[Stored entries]
----

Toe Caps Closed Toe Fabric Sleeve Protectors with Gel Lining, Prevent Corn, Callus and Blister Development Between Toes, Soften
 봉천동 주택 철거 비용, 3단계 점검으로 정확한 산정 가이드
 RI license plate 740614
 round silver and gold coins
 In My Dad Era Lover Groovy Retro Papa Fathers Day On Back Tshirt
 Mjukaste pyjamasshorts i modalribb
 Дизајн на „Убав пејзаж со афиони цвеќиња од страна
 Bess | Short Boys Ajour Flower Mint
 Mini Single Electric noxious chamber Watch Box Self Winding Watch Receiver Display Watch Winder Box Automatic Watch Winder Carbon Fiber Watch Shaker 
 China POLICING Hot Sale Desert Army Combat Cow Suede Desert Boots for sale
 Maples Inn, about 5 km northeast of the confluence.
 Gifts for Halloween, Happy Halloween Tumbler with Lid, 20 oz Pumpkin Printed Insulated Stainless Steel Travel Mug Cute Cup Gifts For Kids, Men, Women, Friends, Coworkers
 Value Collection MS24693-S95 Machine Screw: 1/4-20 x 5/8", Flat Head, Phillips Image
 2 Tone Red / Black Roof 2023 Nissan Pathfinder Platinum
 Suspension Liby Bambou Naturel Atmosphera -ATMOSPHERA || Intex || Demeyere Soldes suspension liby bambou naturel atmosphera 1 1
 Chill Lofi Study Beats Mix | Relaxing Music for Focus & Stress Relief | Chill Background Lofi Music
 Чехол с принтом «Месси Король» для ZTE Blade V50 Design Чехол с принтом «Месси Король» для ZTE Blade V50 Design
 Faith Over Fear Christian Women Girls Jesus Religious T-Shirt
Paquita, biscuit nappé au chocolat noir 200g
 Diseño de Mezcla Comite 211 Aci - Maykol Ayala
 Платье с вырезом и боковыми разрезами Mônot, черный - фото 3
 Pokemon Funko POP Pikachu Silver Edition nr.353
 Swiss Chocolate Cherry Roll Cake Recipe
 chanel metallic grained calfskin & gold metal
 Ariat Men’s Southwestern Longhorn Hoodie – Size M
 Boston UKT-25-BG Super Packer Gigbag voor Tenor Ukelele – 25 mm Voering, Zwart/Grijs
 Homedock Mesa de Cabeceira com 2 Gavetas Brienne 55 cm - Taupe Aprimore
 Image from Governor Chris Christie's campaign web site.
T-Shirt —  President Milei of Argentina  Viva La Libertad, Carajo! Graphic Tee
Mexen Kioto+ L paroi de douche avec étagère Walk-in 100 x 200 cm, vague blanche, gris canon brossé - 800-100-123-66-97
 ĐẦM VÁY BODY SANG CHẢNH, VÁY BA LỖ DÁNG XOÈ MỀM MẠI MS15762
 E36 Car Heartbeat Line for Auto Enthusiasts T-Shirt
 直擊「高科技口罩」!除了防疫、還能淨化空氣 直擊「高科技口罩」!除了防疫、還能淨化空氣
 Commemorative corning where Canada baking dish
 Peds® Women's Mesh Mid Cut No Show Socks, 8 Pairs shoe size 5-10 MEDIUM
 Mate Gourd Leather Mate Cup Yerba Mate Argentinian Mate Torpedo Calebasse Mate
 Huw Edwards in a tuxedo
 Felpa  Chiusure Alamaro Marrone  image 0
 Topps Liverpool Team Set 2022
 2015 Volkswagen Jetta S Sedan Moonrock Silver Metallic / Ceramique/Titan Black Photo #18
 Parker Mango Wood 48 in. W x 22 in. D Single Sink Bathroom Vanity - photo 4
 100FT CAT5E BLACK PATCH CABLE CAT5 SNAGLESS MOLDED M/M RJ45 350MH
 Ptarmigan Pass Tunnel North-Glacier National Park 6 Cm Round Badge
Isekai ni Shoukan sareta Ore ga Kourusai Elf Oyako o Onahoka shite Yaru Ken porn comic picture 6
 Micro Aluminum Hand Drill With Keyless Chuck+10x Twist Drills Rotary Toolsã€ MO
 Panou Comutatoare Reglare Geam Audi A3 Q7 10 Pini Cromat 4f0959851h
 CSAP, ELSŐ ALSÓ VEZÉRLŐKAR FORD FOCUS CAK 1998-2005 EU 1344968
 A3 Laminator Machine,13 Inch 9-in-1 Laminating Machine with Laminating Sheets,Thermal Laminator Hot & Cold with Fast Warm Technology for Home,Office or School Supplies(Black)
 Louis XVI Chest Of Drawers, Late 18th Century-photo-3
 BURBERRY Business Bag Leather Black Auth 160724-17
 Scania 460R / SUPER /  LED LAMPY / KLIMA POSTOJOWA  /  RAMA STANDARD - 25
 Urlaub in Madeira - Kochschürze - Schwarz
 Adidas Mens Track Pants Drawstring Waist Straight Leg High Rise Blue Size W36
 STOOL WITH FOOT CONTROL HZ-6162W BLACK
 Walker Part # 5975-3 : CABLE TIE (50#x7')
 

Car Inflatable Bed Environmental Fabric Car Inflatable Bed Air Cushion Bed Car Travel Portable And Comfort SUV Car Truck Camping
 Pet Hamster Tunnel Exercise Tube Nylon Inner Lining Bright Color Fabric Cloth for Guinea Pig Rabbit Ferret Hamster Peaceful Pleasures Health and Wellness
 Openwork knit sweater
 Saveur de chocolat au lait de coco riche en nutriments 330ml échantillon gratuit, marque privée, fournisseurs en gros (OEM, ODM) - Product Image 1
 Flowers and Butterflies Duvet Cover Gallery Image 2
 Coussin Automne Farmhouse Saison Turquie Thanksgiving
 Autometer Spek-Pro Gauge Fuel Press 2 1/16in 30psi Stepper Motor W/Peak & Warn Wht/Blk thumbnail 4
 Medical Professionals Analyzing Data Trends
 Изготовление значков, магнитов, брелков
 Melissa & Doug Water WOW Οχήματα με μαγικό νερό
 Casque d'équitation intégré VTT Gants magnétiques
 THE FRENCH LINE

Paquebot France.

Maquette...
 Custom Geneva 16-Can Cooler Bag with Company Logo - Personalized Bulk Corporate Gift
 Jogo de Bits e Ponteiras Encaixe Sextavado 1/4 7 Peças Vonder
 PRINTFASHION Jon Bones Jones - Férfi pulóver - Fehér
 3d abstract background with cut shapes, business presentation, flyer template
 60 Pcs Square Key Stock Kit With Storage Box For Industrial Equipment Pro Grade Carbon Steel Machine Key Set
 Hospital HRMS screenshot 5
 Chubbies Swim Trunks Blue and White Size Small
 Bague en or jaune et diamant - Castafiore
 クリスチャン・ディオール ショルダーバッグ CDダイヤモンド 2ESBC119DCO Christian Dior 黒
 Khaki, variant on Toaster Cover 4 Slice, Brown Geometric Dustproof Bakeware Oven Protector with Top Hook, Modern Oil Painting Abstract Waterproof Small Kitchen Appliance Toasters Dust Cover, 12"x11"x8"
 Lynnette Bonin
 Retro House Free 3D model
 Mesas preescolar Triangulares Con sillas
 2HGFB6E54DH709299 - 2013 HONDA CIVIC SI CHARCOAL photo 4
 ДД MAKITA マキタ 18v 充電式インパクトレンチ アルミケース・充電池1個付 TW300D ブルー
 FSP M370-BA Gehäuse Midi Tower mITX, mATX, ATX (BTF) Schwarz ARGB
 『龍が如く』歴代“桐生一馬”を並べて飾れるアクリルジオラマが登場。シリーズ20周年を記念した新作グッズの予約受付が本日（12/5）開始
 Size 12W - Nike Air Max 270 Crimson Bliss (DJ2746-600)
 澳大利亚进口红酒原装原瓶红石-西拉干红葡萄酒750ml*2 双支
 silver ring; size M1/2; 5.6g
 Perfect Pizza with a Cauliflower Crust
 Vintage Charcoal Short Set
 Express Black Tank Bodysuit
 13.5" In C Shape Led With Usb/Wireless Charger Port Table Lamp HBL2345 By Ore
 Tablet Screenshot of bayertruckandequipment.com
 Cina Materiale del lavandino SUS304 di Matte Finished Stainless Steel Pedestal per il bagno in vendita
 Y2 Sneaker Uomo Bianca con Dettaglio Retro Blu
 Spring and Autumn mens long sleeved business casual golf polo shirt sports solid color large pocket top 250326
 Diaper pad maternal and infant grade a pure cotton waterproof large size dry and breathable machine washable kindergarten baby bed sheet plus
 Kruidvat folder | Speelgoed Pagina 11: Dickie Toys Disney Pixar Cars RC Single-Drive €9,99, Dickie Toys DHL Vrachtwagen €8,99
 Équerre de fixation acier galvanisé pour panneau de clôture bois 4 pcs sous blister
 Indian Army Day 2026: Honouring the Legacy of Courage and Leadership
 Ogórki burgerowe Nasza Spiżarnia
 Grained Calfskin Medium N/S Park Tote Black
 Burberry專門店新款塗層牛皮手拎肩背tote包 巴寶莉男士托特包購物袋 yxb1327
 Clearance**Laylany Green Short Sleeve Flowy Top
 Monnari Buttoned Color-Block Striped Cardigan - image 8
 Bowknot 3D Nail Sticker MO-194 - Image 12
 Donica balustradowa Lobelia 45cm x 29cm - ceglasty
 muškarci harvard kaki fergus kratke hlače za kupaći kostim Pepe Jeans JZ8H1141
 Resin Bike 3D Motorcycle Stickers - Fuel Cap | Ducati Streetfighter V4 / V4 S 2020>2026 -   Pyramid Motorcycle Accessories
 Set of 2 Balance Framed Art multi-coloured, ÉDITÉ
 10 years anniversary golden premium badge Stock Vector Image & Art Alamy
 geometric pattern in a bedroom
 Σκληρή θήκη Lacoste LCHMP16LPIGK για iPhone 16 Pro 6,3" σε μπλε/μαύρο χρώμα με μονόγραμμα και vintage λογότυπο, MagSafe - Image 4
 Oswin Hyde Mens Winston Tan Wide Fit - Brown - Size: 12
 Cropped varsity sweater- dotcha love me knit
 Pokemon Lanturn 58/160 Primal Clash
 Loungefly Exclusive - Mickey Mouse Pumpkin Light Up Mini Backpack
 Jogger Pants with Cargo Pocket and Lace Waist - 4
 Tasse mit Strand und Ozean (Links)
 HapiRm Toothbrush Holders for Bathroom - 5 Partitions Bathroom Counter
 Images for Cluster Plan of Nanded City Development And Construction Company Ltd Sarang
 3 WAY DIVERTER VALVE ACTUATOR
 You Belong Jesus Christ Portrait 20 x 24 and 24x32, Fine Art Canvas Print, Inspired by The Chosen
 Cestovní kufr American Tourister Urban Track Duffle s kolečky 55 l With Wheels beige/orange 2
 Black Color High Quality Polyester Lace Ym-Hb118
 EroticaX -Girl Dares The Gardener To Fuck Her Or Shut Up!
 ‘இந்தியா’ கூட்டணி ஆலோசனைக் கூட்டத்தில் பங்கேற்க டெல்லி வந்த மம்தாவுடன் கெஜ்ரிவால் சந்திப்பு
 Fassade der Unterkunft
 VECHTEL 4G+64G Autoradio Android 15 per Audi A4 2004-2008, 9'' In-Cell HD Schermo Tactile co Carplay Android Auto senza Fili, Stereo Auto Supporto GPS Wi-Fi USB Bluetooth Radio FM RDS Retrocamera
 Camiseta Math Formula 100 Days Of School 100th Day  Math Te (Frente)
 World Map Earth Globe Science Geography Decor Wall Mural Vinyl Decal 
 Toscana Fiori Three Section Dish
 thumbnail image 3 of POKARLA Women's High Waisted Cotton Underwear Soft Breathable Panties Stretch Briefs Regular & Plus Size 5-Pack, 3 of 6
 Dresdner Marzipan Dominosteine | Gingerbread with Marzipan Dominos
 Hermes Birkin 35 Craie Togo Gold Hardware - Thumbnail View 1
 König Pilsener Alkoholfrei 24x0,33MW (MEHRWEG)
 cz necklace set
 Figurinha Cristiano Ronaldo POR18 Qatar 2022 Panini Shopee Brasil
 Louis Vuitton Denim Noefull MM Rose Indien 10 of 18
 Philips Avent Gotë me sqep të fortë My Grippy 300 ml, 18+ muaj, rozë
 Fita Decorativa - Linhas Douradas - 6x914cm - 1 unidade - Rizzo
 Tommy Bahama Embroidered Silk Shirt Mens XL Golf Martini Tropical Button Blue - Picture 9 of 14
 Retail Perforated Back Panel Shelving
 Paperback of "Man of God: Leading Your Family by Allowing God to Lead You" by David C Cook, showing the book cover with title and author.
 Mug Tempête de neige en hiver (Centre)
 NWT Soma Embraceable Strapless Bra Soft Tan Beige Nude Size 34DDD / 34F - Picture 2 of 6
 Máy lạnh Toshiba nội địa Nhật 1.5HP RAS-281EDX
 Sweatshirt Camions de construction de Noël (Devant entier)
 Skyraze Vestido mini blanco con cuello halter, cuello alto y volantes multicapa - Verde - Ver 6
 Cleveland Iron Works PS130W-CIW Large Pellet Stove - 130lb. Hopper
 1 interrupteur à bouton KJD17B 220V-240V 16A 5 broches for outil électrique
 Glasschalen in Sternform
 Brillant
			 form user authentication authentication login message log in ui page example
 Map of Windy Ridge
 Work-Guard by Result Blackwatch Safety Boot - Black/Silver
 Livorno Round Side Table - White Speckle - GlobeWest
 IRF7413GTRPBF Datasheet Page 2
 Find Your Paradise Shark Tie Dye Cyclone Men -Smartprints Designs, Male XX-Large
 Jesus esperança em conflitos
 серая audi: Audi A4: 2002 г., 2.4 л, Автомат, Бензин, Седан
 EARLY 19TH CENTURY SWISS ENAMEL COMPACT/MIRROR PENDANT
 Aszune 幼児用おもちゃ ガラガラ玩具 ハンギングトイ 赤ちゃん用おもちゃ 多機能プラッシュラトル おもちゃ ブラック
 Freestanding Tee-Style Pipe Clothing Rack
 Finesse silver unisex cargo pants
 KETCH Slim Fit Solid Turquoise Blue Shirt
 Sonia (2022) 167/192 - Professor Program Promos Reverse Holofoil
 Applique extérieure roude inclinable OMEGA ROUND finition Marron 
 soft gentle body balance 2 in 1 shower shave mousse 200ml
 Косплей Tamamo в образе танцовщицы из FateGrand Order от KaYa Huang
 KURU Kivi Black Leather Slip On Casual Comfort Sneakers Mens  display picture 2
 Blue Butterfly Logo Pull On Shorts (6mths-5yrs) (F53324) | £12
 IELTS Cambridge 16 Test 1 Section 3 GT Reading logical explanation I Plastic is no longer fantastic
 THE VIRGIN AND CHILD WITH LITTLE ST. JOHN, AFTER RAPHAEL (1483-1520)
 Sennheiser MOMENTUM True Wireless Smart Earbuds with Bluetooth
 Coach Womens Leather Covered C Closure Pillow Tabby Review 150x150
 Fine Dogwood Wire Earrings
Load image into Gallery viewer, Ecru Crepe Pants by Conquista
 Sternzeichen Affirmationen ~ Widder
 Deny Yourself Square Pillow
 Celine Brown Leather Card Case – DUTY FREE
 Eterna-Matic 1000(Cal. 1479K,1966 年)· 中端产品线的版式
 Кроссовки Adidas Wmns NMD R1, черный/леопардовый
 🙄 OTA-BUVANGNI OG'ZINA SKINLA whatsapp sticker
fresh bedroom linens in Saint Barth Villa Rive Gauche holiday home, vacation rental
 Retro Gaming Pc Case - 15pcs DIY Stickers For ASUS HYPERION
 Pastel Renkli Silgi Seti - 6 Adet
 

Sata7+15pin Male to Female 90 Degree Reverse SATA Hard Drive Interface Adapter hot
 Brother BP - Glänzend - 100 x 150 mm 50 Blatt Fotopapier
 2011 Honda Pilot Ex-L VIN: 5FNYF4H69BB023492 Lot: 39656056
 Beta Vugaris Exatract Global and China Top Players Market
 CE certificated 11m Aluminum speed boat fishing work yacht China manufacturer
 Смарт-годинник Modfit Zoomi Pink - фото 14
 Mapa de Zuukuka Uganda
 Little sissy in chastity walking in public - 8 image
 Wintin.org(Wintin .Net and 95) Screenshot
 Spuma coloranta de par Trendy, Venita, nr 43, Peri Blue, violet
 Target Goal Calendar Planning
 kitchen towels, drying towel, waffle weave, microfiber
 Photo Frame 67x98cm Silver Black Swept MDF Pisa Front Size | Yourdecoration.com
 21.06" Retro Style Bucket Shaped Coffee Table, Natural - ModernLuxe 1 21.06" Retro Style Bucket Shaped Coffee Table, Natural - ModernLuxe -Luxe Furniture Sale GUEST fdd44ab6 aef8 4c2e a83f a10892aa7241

----

■ PROBLEM TO WORK ON
Wherever the string "Sale" occurs in the data, copy the line that holds it.

■ REPLY
 China POLICING Hot Sale Desert Army Combat Cow Suede Desert Boots for sale
 21.06" Retro Style Bucket Shaped Coffee Table, Natural - ModernLuxe 1 21.06" Retro Style Bucket Shaped Coffee Table, Natural - ModernLuxe -Luxe Furniture Sale GUEST fdd44ab6 aef8 4c2e a83f a10892aa7241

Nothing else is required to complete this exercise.